All of our inferential innovations are co-designed with end users and therefore implicitly support decisions. However statistical methods commonly stop at the point of delivering the inference engine. Instead, we will develop decision-making support for both inference and science. We will deploy Bayesian optimisation (BO) to efficiently explore the parameter space of process models, trading off learning about new areas of parameter space versus refining estimates in promising areas of parameter space. Furthermore, when building emulators from existing repositories of model output, active learning based on contextual bandits will sequentially select witness points for GPs to minimise the computational complexity. As well as using existing BO procedures, we will develop methods to choose a set of parallel runs of a process model instead of a purely sequential approach. The same decision-making technologies will also be deployed directly to support scientists’ decisions over where to gather more data; once again the challenge is, given current beliefs and their uncertainties, to find a maximally informative location.
Virtual Lab Development
This theme will focus on the development and deployment of virtual labs as a key instantiation of the integration of heterogeneous data and models that is central to our project. Virtual labs are also a key component of our Pathways to Impact.

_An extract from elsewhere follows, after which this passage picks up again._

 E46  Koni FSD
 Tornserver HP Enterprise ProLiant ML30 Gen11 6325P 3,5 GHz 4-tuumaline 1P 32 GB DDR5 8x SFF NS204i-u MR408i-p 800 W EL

The virtual labs will be cloud-based; initial experiments will be carried out in a private cloud environment at Lancaster University, with mature software migrated to JASMIN as part of the Data Labs Initiative, to make it available to broader environmental communities.
We will develop an integrated platform for storing and processing heterogeneous data in a cloud environment. Importantly, this will incorporate a cloud broker to provide independence from underlying providers and allow computations to be executed on the most appropriate platforms. This potentially enormous task is feasible since building blocks are available in the cloud, and we can leverage other CEH and Lancaster initiatives in pilot virtual laboratories.
We will develop software frameworks to support model integration as a key intellectual output and significant advance in the state-of-the-art in virtual labs. This will support all aspects of model integration. Consequently, the framework will support the execution of integrated modelling experiments, involving arbitrary configurations of process and data models. The framework will ensure interoperability across different models, using a RESTful approach, but will go significantly beyond (syntactic) interoperability and ensure semantic integration, allowing end-to-end reasoning about uncertainty. As a final stage, we will look to automatically deploy and manage complex model runs from a high-level description of that particular lab, building on the experience of model-driven engineering and domain-specific languages derived from the Models in the Cloud project.
We will provide tools to support decision making, targeting a range of audiences. This will include an ability to interrogate and query the underlying data, the live execution of model runs on the cloud and the subsequent visualisation of data or model output. We plan to go significantly beyond this by supporting scenarios as first class (and persistent) entities in the virtual lab, which can be developed, stored and explored, allowing ‘what if’ investigations. Finally, we plan to provide support for Jupyter notebooks for creating and sharing notebooks containing live code execution, and to explore the role of such technologies in documenting science and decision-making, thus providing specific mechanisms for open science.